于是,口气里呆了几分犹豫,似是要说,又有几分不敢说的模样。
“我知道,雒阳城中有人要对付我。如果不依附着邓家,我根本无法生存。我的亲姐姐与我近在咫尺,我却无法相认,那一日同你在街上争吵,其实是故意,因为我很想要通过与惹些乱子,好见我这亲姐姐一面……”
“你……”
扶桑眼眸里尽是哀伤。
“你也许见过我两位姐姐,那边应该知道。当年谎称病故的窦甯侯爷,只是隐居于小野罢了。我一胞所生的姐姐,自从那一年离开家中,便再也没能回来……我听说,她早已是郡主大人了,可是,为何……”
“为何,偏偏要病死在这雒阳城……”
一瞬间电光火石心中劈过。
对的,这双眼睛!
耿峭想起来了,这双眼睛,很像当年他救下的那个高楼坠下的无助脆弱的女孩,窦家那个小郡主。

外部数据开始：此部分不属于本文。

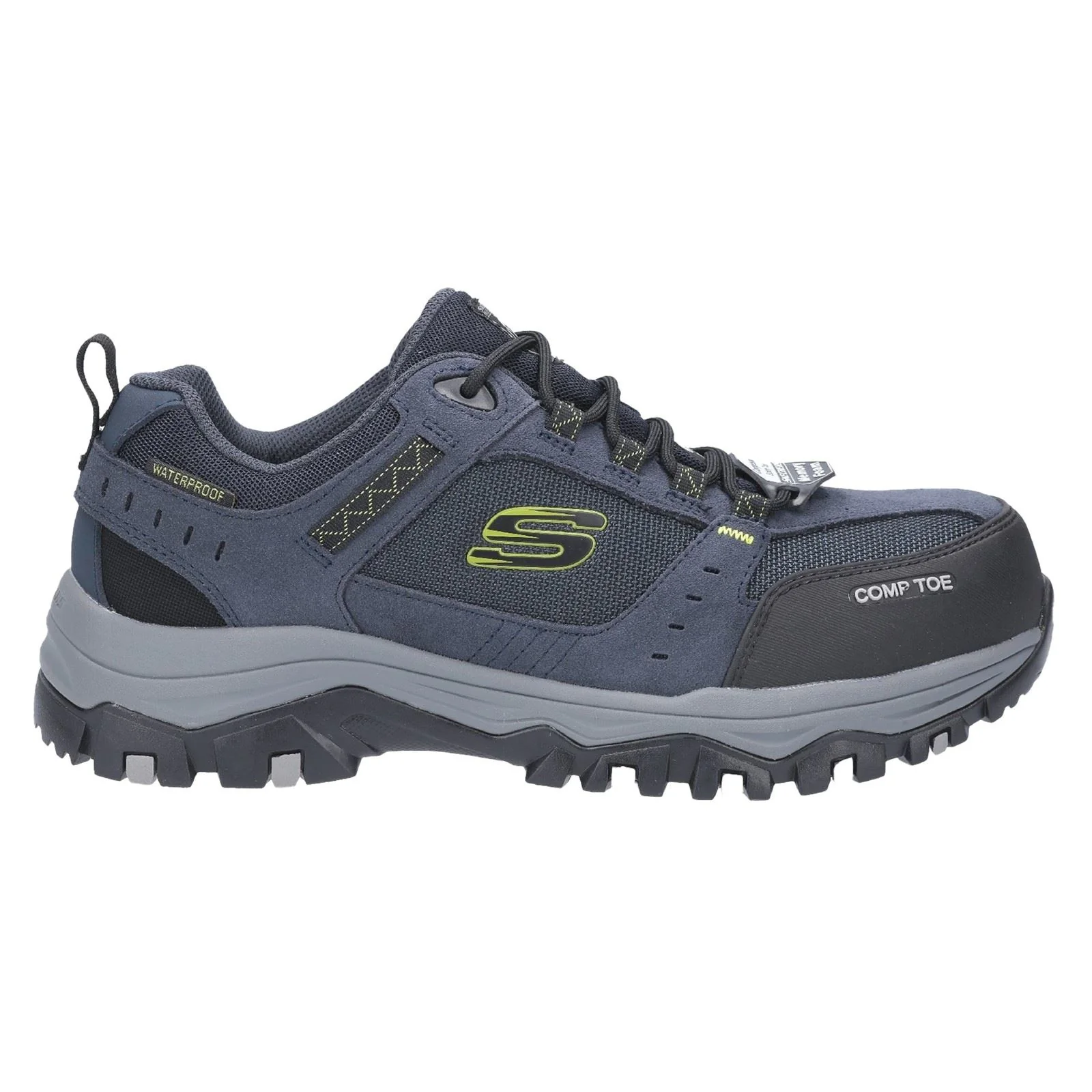 Skechers Workwear Greetah Suede Men's Navy/Black Safety Trainers - Image 8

难道眼前这个人,当真是窦家的遗孤,是嫂子的亲弟弟,是那小郡主一母同胞所生的幼弟?
观察着耿峭的脸色,扶桑心中冷笑一声。看来当年窦甯未死,窦南筝并非窦宪亲女,而是窦甯骨ròu的事情,都是真的了。
看来,还有机会试探出更多的东西。
在耿峭还未醒悟过来,拆穿这个荒诞的谎言之前,必须套出更多。
然而,如此近地看着耿峭的脸,扶桑的脑中几个影子一晃而过。
仿佛是一张比这更稚气几分的脸在自己下方,惊慌失措地瞪大了眼。同时,张开手臂要接住自己。
下落的恐怖感瞬间揪住了她的心脏。
下坠。一直以来,她都很害怕高处,极度恐惧从高处跌落的感觉。
扶桑猛然间醒悟过来,刚刚的,是……记忆?
她抬眸,震惊地攥住了耿峭手臂处的衣物。
没错,那是记忆!
记忆里的那个人,就是耿峭,更加稚气的耿峭!
她的过去……果然和耿家有着莫大的关系!
☆、第九十二章。何谓深爱
却非殿内。
金丝香炉檀香袅袅,香气馥郁。殿上坐着的女子头顶青丝挽得成一丝不苟,余下的发倾泻如瀑。一对青璧赤金玲琅步摇坠然轻摆,碧色的玉珠碰撞出细碎轻微的声响。
如烟的秋波眉之下,是一双端庄而透着文雅的柳叶眼。高挺的鼻梁下,是和邓骘一样略薄却又棱角分明的嘴唇。